物語の主役になる人物には、何か華があってほしいと思うのですが、イエスには、そういった家系や育ちの良さという華は、全くありませんでした。
しかし、神の計画は重要ではないと思われていたものが、実は重要なのだという価値観の転換を起こすことだったのです。そして、そこから神の福音が拡がっていくのです。
【時は満ちた】
15節を見ると「時は満ち、神の国は近づいた。悔い改めて福音を信じなさい」というイエスの言葉が書かれています。
イエスがこれから語られる福音は、この3つの言葉が全てであるといっても言い過ぎではないのです。ここに凝縮されているのです。
それでは、これらの言葉を一つずつ見ていきたいと思いますが、はじめに「時は満ち」ということです。今、私たちがこの言葉を聞いたとしても、それほどインパクトを受けませんが、当時のユダヤ人は特別な思いをもって聞いたはずなのです。
それは、イザヤやエレミヤといった預言者たちが語り、バプテスマのヨハネが「わたしの後に来られる方」と言ったメシヤ、人々が待ち望んでいる救い主がいよいよ来られるということを宣言しているのです。
また、この「時」という概念も、よく考えるならば不思議なものなのです。私たちの周りにあるものでコントロールできるものと、出来ないものがあります。コントロールできないものの代表が「時」ではないかと思うのです。すべての人には一日24時間という限られた時間が与えられています。
有能な人にはより多く与えられるということはありません。どんな人にも同じなのです。早くすることも、遅くすることもできません。タイムマシンなども理論的にはできそうな気がしますが、絶対に無理だと思います。つまり何が言いたいのかと言うと、時とは完全に神の支配下にあるということなのです。

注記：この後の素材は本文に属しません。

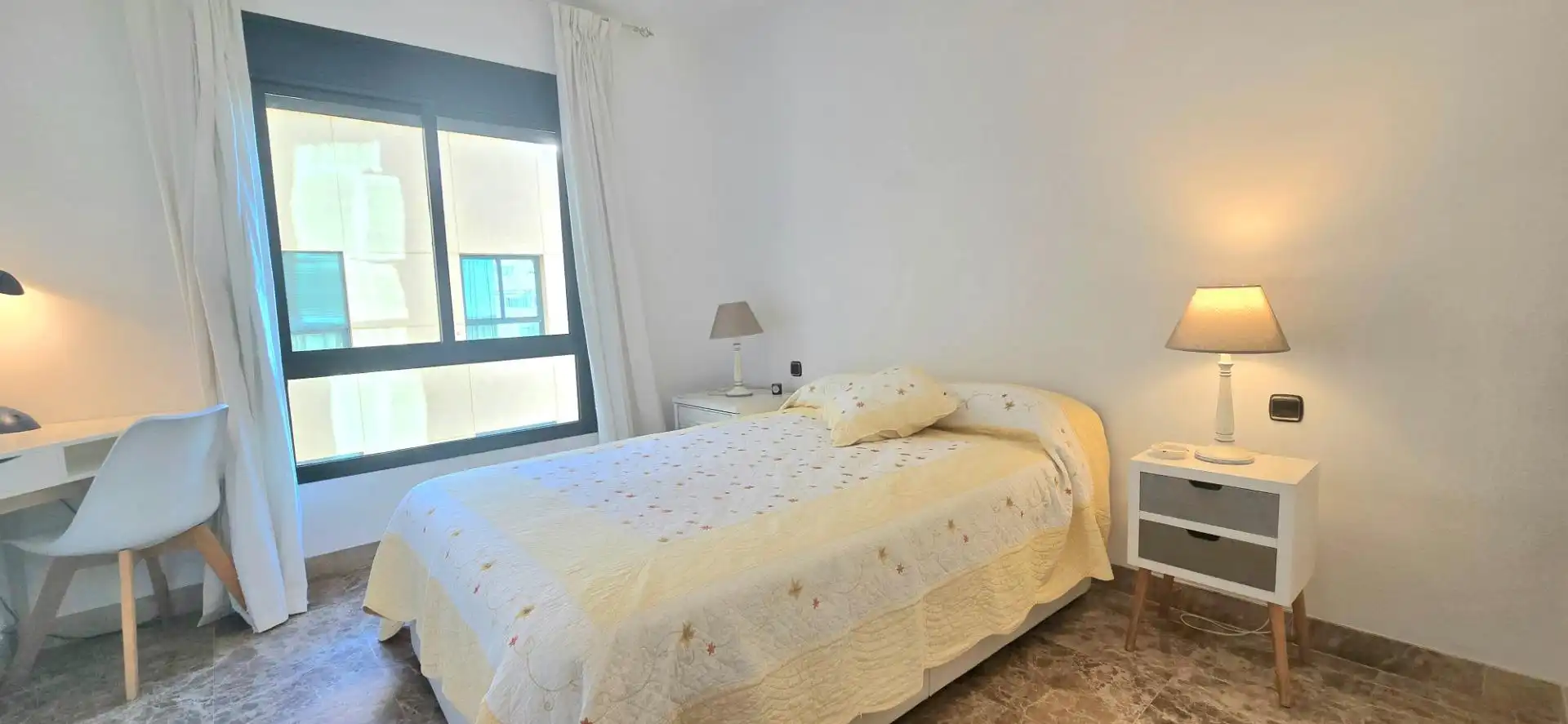 Dormitori de Pis de lloguer en Marbella amb Aire condicionat, Moblat i Jacuzzi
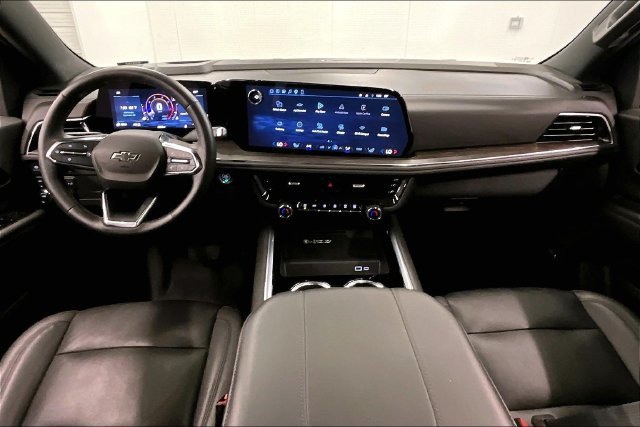 Used 2025 Black Chevrolet Z71 image 18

時が満ちると言うのは、その時がやって来たということもありますが、中心テーマは神の支配に入っていくということなのです。時が満ち、神の時がやってきた、だから、その神の支配の中に身を委ねていかなければならないのです。
そして、この救いの時の訪れと言うのは、そのまま律法の終焉でもあるのです。律法とは元々は神によって与えられたものですが、人の手によって律法主義という異質なものに変えられてしまいました。
イエスの宣教活動の開始と共に律法の時代は終わったと言っているのに、未だに教会の中には律法主義が根強く残っています。新しい時代が始まっているのに、律法主義に逆戻りしようとする誘惑に駆られているのです。イエスの福音は完全な神の支配に身を委ねるという新しい時代の到来を告げているのです。
【神の国は近づいた】
次に「神の国は近づいた」という言葉ですが、この言葉は日本語としておもしろい表現だということなのです。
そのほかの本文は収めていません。